Segundo Santos, cogitar a possibilidade de descartar como lixo ou incinerar corpos de bebês é ignorar princípios humanitários concretos e repetir ações como as de Adolf Hitler. “A História está aí para nos mostrar o que se faz quando se quer apagar os registros de alguém”, alertou.

Habeas Corpus coletivo foi recusado

De acordo com os advogados da Rede Permanente Pela Paz, o Tribunal de Justiça de Goiás (TJ-GO) recusou o HC coletivo apresentado pela associação por entender que não teria competência para analisar esse pedido, já que a ação não tem teor criminal e deveria ser protocolada na Vara Cível.

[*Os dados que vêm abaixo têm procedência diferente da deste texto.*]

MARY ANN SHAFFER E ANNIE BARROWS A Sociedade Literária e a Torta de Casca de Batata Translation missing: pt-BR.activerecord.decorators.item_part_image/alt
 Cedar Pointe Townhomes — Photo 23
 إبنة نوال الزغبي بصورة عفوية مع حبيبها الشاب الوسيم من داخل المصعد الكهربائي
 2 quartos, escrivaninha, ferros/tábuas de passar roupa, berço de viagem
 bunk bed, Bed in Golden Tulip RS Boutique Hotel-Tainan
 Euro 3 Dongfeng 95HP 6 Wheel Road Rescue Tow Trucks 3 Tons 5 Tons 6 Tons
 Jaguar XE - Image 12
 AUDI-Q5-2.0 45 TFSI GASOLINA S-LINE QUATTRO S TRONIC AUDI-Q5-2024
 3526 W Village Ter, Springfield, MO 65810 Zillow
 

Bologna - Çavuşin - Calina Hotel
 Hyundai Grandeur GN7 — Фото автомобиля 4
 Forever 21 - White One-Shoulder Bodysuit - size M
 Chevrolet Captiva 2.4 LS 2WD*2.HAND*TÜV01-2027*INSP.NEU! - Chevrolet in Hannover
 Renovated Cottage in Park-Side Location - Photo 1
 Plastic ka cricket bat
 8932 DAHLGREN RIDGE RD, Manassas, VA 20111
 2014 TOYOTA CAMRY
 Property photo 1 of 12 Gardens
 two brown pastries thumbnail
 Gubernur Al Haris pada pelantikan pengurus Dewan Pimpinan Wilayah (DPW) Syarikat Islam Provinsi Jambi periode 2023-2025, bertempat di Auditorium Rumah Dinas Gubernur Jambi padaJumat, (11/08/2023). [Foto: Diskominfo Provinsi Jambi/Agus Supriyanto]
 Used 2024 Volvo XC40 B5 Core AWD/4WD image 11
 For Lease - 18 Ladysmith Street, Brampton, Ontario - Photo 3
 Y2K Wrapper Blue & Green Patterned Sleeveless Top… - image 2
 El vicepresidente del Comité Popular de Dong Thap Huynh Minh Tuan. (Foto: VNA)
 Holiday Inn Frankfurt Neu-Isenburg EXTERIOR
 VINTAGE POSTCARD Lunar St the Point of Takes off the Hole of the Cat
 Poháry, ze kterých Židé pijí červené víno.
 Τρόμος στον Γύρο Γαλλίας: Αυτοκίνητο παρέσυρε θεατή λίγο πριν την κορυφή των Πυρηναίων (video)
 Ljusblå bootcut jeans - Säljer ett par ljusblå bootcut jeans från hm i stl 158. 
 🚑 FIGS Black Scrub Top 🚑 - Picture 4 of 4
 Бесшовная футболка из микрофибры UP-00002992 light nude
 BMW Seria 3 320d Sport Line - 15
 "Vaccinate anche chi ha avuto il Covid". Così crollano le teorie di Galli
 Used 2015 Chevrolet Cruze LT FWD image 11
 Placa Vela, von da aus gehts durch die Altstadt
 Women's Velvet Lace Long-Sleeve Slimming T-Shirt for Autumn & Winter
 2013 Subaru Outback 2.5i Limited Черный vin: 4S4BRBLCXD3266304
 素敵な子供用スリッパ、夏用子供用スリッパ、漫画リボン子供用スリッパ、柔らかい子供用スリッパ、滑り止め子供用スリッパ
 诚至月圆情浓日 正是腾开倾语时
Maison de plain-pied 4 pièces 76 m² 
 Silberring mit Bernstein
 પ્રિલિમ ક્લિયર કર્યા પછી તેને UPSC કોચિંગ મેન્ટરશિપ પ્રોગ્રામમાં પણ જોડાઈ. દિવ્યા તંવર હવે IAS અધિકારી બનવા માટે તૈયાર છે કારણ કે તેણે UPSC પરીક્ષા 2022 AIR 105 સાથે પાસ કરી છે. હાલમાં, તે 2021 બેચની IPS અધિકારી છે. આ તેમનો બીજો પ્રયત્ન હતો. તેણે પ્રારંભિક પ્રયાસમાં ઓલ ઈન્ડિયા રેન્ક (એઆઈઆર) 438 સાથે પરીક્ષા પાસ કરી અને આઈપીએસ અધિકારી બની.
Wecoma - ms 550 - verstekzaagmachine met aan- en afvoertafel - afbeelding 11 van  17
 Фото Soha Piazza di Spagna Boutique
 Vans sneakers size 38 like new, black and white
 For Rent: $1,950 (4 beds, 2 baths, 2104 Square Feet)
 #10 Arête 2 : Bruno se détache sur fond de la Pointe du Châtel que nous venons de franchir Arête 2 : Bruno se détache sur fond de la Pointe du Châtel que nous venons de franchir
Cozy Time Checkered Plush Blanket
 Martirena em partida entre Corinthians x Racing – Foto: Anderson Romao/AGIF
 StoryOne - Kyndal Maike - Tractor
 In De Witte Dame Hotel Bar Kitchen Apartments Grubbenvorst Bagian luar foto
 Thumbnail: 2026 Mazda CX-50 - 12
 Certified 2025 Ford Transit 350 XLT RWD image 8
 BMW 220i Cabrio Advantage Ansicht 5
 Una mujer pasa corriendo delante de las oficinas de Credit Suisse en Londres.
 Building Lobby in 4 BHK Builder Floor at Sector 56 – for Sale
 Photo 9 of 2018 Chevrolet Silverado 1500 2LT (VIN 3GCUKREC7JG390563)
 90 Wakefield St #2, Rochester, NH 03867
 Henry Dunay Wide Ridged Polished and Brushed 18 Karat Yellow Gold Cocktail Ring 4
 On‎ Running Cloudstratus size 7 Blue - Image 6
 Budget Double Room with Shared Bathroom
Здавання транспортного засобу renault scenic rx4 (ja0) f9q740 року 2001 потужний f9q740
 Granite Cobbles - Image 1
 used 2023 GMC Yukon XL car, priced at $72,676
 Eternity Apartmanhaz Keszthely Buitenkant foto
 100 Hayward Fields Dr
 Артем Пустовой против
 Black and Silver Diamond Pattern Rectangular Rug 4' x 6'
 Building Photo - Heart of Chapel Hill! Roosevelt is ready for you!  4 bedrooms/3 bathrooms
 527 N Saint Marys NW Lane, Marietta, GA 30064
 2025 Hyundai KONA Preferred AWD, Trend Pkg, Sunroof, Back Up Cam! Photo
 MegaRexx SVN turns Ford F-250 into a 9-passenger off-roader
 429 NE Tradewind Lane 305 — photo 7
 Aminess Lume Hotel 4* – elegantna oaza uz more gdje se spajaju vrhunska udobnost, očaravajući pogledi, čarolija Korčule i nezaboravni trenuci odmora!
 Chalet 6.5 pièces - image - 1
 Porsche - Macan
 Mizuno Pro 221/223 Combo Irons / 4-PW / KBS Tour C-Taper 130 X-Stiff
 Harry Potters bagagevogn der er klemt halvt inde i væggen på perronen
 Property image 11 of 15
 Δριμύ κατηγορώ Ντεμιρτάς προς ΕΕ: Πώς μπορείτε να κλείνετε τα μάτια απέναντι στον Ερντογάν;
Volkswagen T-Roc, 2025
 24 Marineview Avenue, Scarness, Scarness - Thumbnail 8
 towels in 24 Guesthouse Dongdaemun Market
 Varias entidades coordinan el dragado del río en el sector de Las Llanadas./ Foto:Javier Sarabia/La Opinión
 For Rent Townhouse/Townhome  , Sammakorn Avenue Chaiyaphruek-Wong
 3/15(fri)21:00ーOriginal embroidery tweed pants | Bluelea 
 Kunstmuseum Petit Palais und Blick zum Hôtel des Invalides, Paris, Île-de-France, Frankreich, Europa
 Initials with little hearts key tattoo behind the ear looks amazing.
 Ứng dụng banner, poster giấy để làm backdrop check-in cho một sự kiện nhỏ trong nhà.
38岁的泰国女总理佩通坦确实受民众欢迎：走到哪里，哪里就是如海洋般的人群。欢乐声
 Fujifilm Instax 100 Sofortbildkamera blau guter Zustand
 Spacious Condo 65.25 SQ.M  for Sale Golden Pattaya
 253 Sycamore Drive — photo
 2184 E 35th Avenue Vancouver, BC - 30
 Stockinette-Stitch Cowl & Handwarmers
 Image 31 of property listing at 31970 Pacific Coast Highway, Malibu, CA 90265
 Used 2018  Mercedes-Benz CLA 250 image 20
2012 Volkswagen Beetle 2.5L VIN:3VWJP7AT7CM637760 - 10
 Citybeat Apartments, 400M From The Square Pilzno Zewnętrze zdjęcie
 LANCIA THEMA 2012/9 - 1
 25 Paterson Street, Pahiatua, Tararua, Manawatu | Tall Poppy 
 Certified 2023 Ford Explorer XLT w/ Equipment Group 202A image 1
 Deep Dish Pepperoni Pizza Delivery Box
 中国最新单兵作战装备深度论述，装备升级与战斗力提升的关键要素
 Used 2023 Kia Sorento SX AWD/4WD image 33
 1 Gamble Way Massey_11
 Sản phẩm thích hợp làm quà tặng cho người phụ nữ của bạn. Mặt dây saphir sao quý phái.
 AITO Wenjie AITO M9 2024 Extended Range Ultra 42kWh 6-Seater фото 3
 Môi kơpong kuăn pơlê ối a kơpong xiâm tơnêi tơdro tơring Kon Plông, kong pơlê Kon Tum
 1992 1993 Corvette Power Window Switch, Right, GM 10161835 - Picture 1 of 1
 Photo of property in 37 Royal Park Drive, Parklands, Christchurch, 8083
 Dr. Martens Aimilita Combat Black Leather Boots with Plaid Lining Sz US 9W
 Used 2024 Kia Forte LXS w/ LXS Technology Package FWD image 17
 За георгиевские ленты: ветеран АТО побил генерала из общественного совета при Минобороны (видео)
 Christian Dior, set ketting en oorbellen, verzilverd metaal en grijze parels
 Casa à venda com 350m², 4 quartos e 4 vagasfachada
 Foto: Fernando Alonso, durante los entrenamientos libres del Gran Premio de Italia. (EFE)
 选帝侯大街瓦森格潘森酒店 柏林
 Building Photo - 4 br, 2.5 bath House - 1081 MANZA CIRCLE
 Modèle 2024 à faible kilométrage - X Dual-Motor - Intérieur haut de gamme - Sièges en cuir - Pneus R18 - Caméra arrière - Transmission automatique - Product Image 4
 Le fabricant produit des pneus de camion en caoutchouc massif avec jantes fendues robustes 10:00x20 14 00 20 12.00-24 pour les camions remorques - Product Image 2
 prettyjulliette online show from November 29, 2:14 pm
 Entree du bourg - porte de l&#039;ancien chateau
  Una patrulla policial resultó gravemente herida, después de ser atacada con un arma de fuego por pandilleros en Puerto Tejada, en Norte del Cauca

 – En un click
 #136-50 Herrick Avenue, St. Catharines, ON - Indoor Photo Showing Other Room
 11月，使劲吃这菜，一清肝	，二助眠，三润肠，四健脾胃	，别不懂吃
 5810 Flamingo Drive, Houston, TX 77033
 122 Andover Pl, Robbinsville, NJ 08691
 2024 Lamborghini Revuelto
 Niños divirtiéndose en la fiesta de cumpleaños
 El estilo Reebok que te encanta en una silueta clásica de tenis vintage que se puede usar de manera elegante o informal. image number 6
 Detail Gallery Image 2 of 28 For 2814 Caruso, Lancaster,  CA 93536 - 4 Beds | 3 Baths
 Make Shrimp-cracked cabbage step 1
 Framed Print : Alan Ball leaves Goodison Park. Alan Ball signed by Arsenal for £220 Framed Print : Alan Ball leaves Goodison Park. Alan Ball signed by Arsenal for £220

A decisão foi publicada no último dia 21 de agosto, e a associação deve ingressar com recurso até a próxima segunda-feira (2) para garantir que o corpo do bebê continue preservado no IML.

Ao mesmo tempo, um dos advogados que atua no processo informou à Gazeta do Povo que entrará com pedido na esfera cível solicitando que o Poder Judiciário autorize o sepultamento de Vinícius Eduardo. "Infelizmente, achamos improvável que seja concedido, pois um bebê covardemente assassinado com 30 semanas coloca medo em todo o tribunal", finalizou.